Discussion in 'Stock Suspension + Bolt On Kits' started by Mike, Dec 3, 2009.
Mya I’ve chose not to go this route...
What model is your truck? 4x4 2wd 1500 2500 3500?
Take a good look under it and see if anything is bent before you go buying new parts for this. I had a 98 K1500 I bought with a 4" Tuff Country lift, and the same everything was worn out (my first truck). Turned out it had death wobble after a few weeks of driving it. I replaced the ball joints, bushings, and wheel bearings... just to find out it would constantly get knocked out of alignement everytime I went offroad. I noticed the differential drop bracket was broken... and the torsion bar crossmember bent from previous owner. Turns out the frame was cracked on the passenger side engine mount so that everytime I put it in low range and gave it gas the differential would raise CV would explode. I ended up straight axling the truck, THEN noticed the frame was cracked because the fan would hit the shroud... the engine was falling out LMAO.

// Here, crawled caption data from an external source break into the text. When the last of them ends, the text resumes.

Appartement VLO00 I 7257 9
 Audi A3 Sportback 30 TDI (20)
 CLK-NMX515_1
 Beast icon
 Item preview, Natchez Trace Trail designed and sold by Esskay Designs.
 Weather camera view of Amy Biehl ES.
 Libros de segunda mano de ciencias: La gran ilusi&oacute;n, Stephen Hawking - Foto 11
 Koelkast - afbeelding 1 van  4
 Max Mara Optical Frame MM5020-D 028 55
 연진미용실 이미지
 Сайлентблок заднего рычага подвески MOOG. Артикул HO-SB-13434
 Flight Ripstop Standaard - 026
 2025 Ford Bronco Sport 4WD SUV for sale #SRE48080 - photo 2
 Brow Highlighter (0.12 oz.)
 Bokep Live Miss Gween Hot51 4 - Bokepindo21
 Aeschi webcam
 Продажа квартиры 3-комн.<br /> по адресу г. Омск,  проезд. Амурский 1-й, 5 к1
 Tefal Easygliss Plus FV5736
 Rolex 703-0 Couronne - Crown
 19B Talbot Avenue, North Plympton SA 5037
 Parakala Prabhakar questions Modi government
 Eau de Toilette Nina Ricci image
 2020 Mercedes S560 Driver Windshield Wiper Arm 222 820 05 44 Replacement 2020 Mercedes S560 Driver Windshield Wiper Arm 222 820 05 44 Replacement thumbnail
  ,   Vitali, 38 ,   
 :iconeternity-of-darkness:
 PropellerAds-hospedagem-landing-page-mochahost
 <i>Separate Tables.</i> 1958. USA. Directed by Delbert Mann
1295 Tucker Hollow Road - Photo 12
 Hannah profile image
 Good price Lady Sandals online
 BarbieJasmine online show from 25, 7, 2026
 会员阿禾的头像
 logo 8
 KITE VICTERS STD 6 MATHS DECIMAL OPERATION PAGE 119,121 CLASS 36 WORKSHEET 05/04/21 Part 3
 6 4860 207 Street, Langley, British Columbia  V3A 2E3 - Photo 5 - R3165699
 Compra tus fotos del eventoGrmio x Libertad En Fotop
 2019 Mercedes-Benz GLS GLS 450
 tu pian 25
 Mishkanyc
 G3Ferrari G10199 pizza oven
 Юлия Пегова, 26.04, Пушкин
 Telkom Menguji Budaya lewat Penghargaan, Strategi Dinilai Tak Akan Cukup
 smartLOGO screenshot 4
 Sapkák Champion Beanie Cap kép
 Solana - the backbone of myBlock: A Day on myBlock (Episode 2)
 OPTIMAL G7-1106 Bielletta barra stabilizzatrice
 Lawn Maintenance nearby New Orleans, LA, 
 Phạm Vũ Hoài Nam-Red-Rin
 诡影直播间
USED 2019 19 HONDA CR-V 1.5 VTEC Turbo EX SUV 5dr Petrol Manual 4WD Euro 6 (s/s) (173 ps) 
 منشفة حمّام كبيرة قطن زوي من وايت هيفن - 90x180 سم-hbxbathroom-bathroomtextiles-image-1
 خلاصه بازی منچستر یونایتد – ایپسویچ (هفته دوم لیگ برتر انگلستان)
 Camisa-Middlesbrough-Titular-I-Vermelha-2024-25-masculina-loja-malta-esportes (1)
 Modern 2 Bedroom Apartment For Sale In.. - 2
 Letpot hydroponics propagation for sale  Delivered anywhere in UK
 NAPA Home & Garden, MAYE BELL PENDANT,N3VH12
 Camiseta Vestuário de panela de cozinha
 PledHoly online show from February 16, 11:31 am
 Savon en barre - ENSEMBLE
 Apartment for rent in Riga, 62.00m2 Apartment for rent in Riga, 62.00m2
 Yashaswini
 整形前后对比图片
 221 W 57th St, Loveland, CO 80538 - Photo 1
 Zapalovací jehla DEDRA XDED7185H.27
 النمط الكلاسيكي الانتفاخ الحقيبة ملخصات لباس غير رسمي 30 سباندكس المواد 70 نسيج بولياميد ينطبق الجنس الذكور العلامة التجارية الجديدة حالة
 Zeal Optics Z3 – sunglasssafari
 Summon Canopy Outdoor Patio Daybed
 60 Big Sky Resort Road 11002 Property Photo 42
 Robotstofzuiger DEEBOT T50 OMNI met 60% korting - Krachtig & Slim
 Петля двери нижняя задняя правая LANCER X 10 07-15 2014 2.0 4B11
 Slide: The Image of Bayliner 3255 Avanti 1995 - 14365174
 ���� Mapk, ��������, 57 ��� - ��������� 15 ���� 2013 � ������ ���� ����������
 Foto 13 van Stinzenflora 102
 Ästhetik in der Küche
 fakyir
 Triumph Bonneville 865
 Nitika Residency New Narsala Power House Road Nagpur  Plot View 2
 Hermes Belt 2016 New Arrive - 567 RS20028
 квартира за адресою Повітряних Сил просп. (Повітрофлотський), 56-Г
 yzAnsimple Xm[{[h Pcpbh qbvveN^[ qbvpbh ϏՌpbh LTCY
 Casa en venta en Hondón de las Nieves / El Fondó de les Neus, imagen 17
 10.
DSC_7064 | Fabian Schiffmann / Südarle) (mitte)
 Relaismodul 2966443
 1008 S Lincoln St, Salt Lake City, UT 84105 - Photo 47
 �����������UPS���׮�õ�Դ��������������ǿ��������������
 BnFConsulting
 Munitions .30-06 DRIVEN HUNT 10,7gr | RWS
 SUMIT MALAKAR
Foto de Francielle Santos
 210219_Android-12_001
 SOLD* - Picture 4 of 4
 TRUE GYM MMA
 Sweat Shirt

So take a good look at it first to see if it's worth throwing hundreds of dollars at that IFS. If you have stock upper control arms you can go ahead and order replacements, but the lowers you have to press out the old ball joint and bushings I believe. I would order factory style rubber bushings as they are quiet and last longer than the poly bushings.
Hello I have a 1998 GMC K2500 8 lug I've been trying to level it. currently I have the keys cranked up all the way because I have a big steel bumper and a winch on it witch with the stock suspension I was constantly banging the bumper off obstacles on the trails due to it being so low. I'm mainly looking for advice on how to correct the ball joint angle on the upper control arm I know there are some extended ones on ebay but those are 1000 bucks plus shipping and duty to Canada so not in my price range. I looked for some control arm drop brackets but the only ones I could find were for a like 6 inch lift. Maybe some new torsion bars are in order also as there probably under more stress than there rated for with an extra 300 pounds on the front end. But the main issue I'm looking for advice on is the control arm angle. Thank you
De-crank torsion bar keys to factory ride height. If you need more ground clearance for cheap, get a body lift.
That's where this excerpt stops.